One of the last places we visited was the city's fashion museum, MoMu. Susie was desperate to see the Delvaux exhibition but I have to confess that I was less than keen. I thought the exhibition would be a showcase of luxurious handbags and little else but I'm so pleased we went because I was enthralled by the stylistic evolution of the house's output whilst seeing the often unseen side of the business, the skills of the designers and the artisans that represent the core of the company's values. A year older than the Belgian nation itself, Delvaux can claim to be the most Belgian of all luxury houses. The exhibition follows Delvaux from the maunfacture of travel goods for the local nobility in the nineteenth century, through the rise of the modern handbag in the twentieth century, to the company's vision of a new kind of elegance under its artistic director Veronique Branquinho. The creative process behind each bag has changed very little in the last sixty years, all products are still made by hand, the conpany is still in th family hands and Delvaux's output remains small but exclusive.
Each mode of transport brought its own requirements for the baggage manufacture. founded in an era of when travel was largely horse drawn the company has survived through the revolutions and wars, and adapted to the requirements of ocean liners and railways, to bicycles, cars and jets. It is how the luxury house adapted its offering to the changing world around it which interested most whilst walking through the well curated exhibition space. Train travel assisted the rise of the modern business traveller, for whom Delvaux produced not just attache cases and document wallets, but overnight bags, equipment cases and even bespoke display trunks for travelling salesman.
I recently read about Monocle’s latest collaborative effort involves Belgian luxury brand Delvaux. Known for their leather goods, the Newspaper Bag features a woven Toile de Cuir exterior and a Basane Leather liner. The bag is sized appropriately for A4-sized documents and a laptop and I want one!
Monocle x Delvaux Newspaper Bag, available from Monocle
Besides leather-clad maps and holders for the driver's licence and Michelin guides, Delvaux provided the 1950s tourist motorist with gentleman's bags. This bags were capable of holding everything required for that perfect Kodak moment, with of course compartments for camera, pipe, postcards and even a handheld cine camera.
For those travelling in grand style on the ocean liners leaving Antwerp, luggage had to be capacious and extremely resistant both to impact and to damp. Delvaux certainly offered beautiful luggage which protected the cruise-wear finery of those first class travellers aboard. This selection of cases inspired the inner traveller in me, oh to travel the seas for months on end...oh, I can but dream.
In Belgium, surrealism is not part of some wild, exotic dream scape but rather it infuses the everyday. This selection of bags celebrated Belgium's most famous and my favourite surrealist, Rene Magritte's 100rd Birthday and were released in 1998.

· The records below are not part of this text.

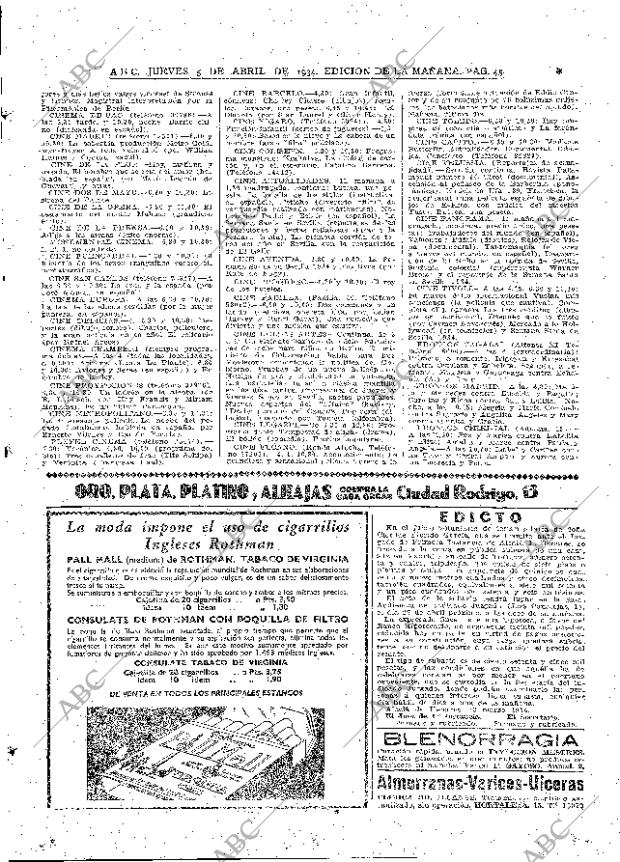 ABC MADRID 05-04-1934 página 45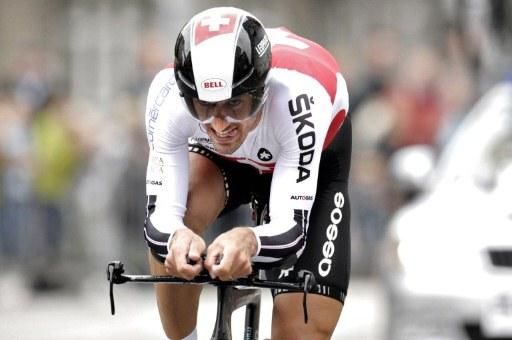 Fabian Cancellara failed to win a fifth TT title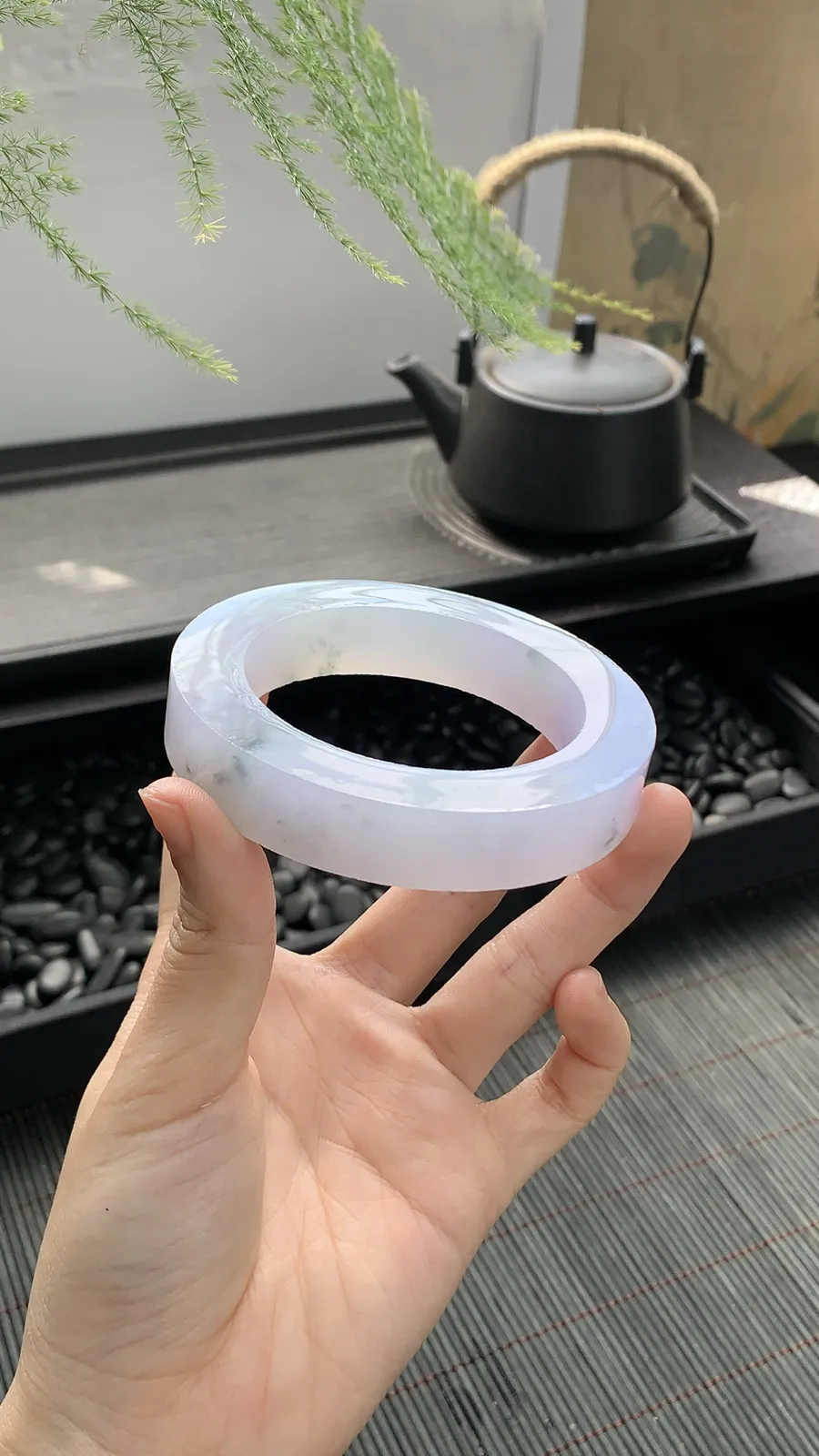 🫧【仙女冰紫飘花镯胚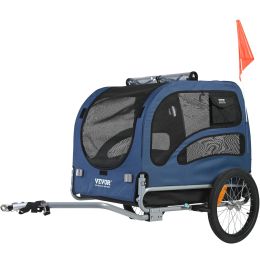 VEVOR Dog Cart Trailer - Blue/Black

Delvaux bags are produced by a team of forty five craftsman in the atelier in Brussels and a further sixty working from a dedicated atelier in France. Each bag is immensely complex and such craft goes in to each one. One of the exhibition spaces evokes the atmosphere of the atelier and the leather store room at the Arsenal and focuses on the production of the Brilliant. The leather working tools in the exhibition belong to Bernard Gombert, head of Delvaux's technical department and I spent a good ten minutes staring at them, imagining how each instrument is used to create one of the famous bags. The exhibition was a great way to spend the final hour of my time in Antwerp. The exhibition runs until 21st February 2010 and is well worth the visit even if you aren't the worlds biggest handbag enthusiast like me!